Thirty-one eyes had phacoviscocanalostomy, and 35 eyes had uncomplicated cataract surgery only. The intraocular pressure (IOP), postoperative antiglaucoma medications, and visual outcomes were compared between groups.
The mean follow-up was 34.9 months+/-19.8 (SD) (range 7 to 78 months). At 36 months, the mean preoperative IOP and postoperative IOP were 17.2+/-1.5 mm Hg and 14.1+/-1.6 mm Hg, respectively, in the phacoviscocanalostomy group and 16.7+/-1.4 mm Hg and 15.6+/-3.4 mm Hg, respectively, in the cataract surgery only group. The differences between groups were significant at all time points (P<.05).
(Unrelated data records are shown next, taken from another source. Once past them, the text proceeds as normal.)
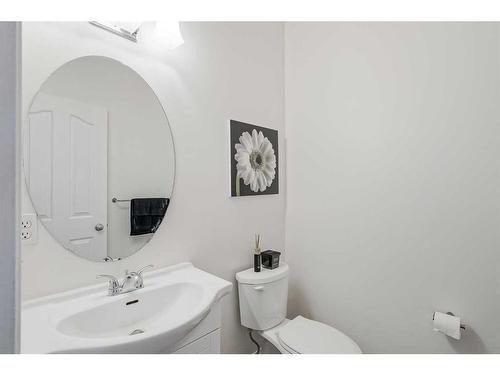 703-2001 Luxstone Boulevard Sw, Airdrie, AB - Indoor Photo Showing Bathroom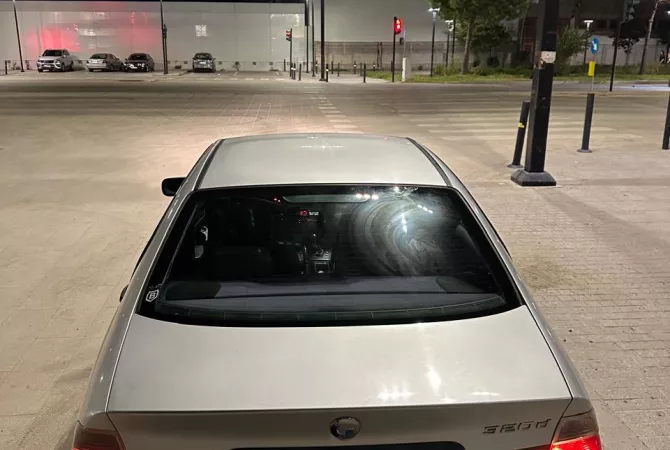 Auto in Vendita a Tirana, BMW, 2000 Diesel,Kambio Manual Pagamento 2,000  Euro.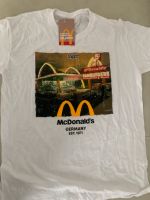 Ich biete ein snipes mc Donalds t Shirt Nordrhein-Westfalen - Porta Westfalica Vorschau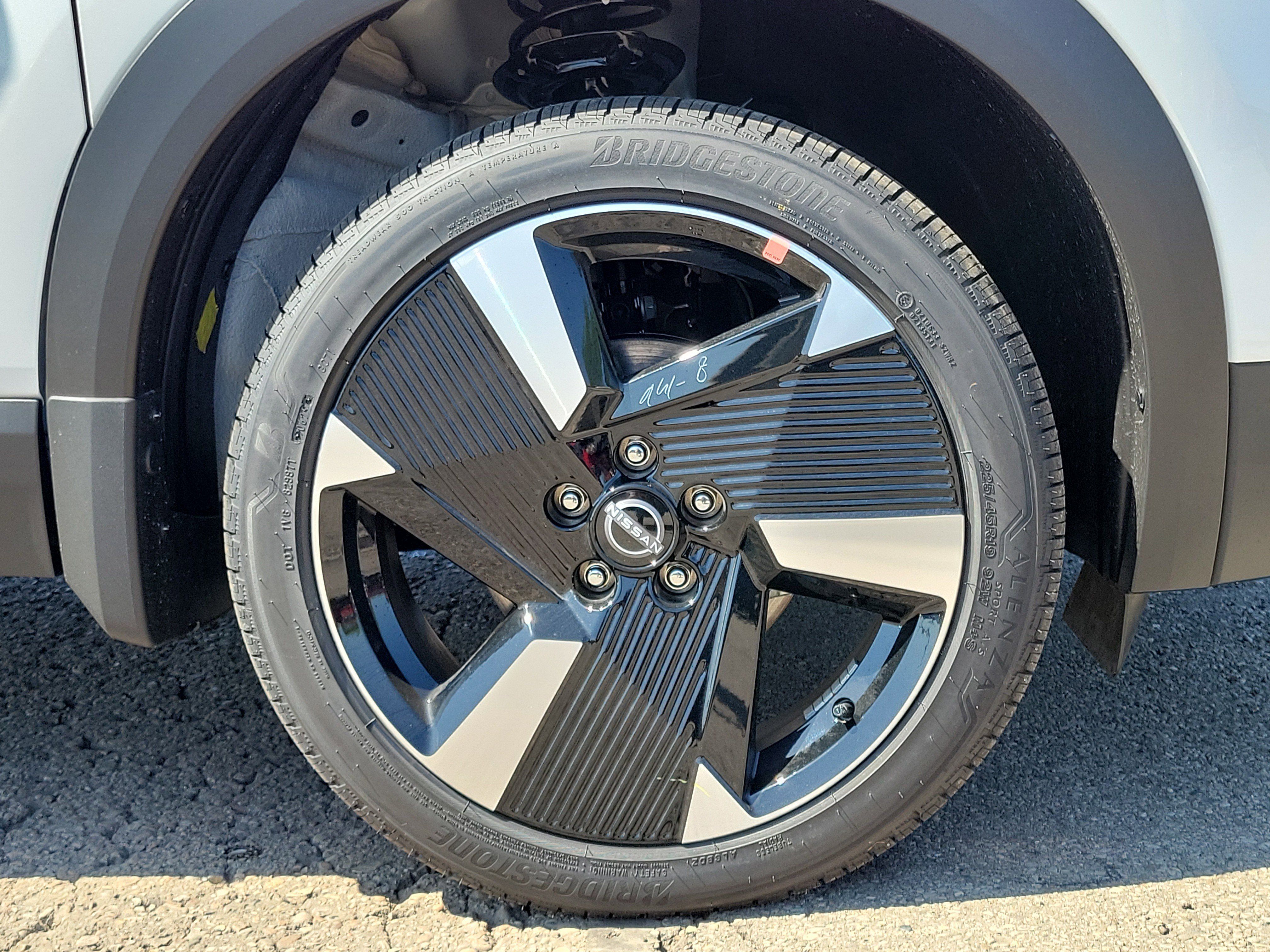 Used 2025 Nissan Kicks SR AWD/4WD image 5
The success probabilities of the phacoviscocanalostomy group achieving 20% and 30% IOP reductions with (or without) medications were 78.5% (67.4%) and 35.5% (37.4%) at 24 months and 58.0% (44.2%) and 28.0% (26.6%) at 48 months, which were significantly better than the probabilities in the cataract surgery only group, which were 16.0% (9.5%) and 5.7% (2.9%) at 24 months (P<.001 for each comparison, Kaplan-Meier life-table analysis with log-rank test). Based on the modified Aulhorn-Greve classification, the visual acuity and visual fields did not deteriorate in the phacoviscocanalostomy group; the visual fields deteriorated in 6 eyes in the cataract surgery only group during the follow-up (P=.024).
Phacoviscocanalostomy lowered IOP and maintained postoperative visual outcomes; it was safe and effective in elderly patients with coexisting NTG and cataract.
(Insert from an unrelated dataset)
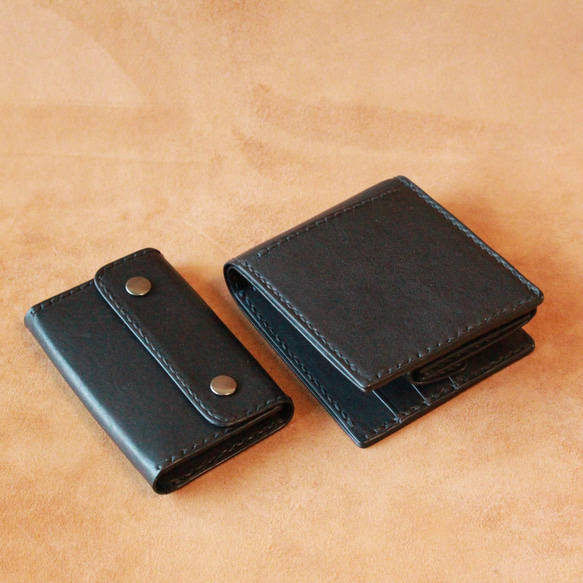 【オーダー品】黒ヌメ革のハーフウォレットとカード入れセット　二つ折り財布　カードケース 4枚目の画像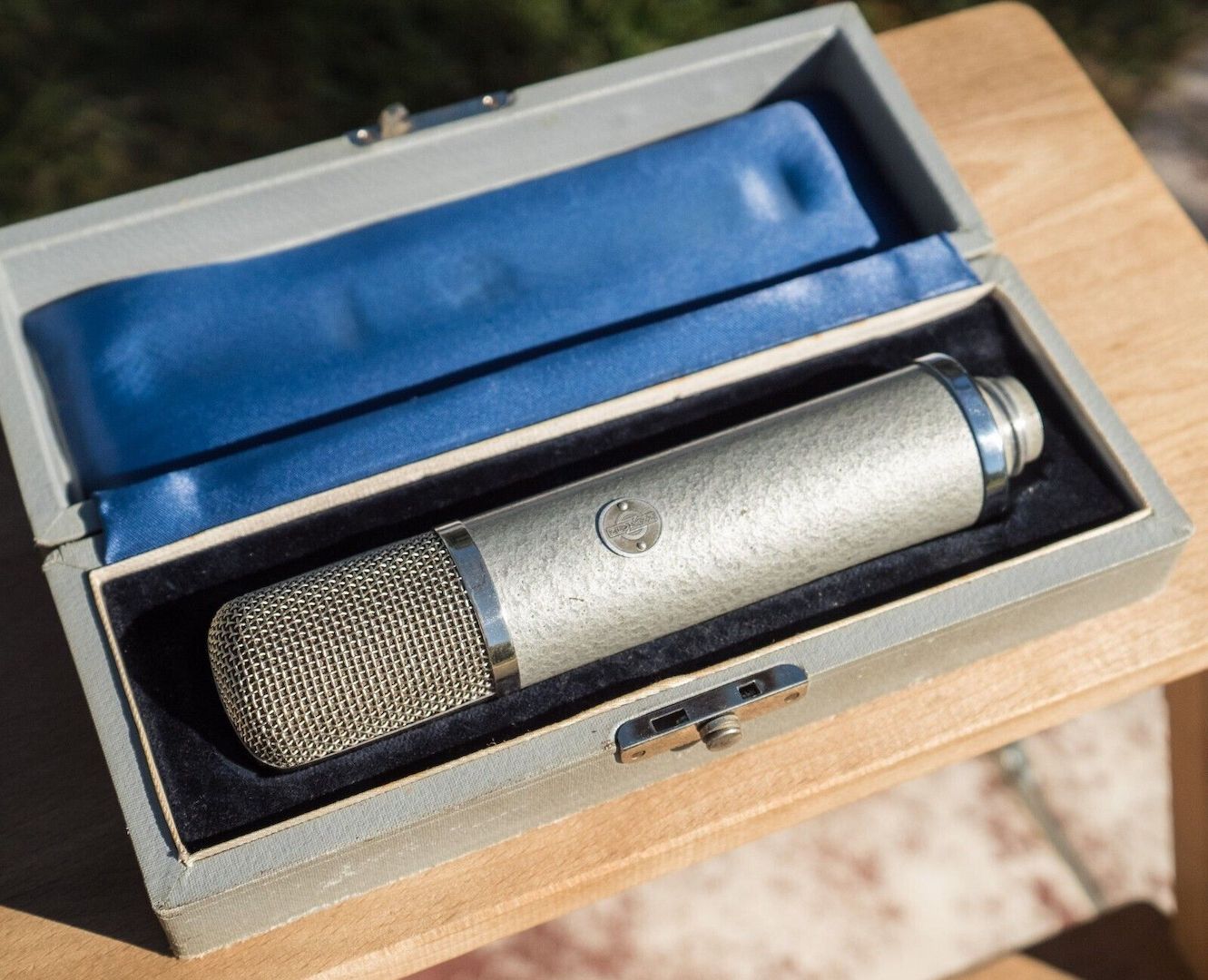 Neumann UM57 Vintage Röhrenmikrofon mit original U47 M7 Kapsel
比较超声乳化小梁切开术(粘小管切开术、超声乳化及人工晶状体[IOL]植入)与白内障手术(超声乳化及IOL植入)治疗正常眼压性青光眼(NTG)合并白内障患者的中期疗效及安全性。
日本京都千祥会眼科研究所。
31只眼接受了超声乳化小梁切开术,35只眼仅接受了单纯白内障手术。比较两组的眼压(IOP)、术后抗青光眼药物使用情况及视力结果。
平均随访时间为34.9个月±19.8(标准差)(范围7至78个月)。在36个月时,超声乳化小梁切开术组术前平均IOP和术后IOP分别为17.2±1.5 mmHg和14.1±1.6 mmHg,单纯白内障手术组分别为16.7±1.4 mmHg和15.6±3.4 mmHg。两组在所有时间点的差异均有统计学意义(P<0.05)。超声乳化小梁切开术组在24个月时使用(或不使用)药物使IOP降低20%和30%的成功概率分别为78.5%(67.4%)和35.5%(37.4%),在48个月时分别为58.0%(44.2%)和28.0%(26.6%),显著优于单纯白内障手术组在24个月时的概率16.0%(9.5%)和5.7%(2.9%)(每次比较P<0.001,采用对数秩检验的Kaplan-Meier生存表分析)。根据改良的奥霍恩-格雷夫分类法,超声乳化小梁切开术组的视力和视野未恶化;单纯白内障手术组在随访期间有6只眼的视野恶化(P=0.024)。
超声乳化小梁切开术可降低眼压并维持术后视力结果;对合并NTG和白内障的老年患者安全有效。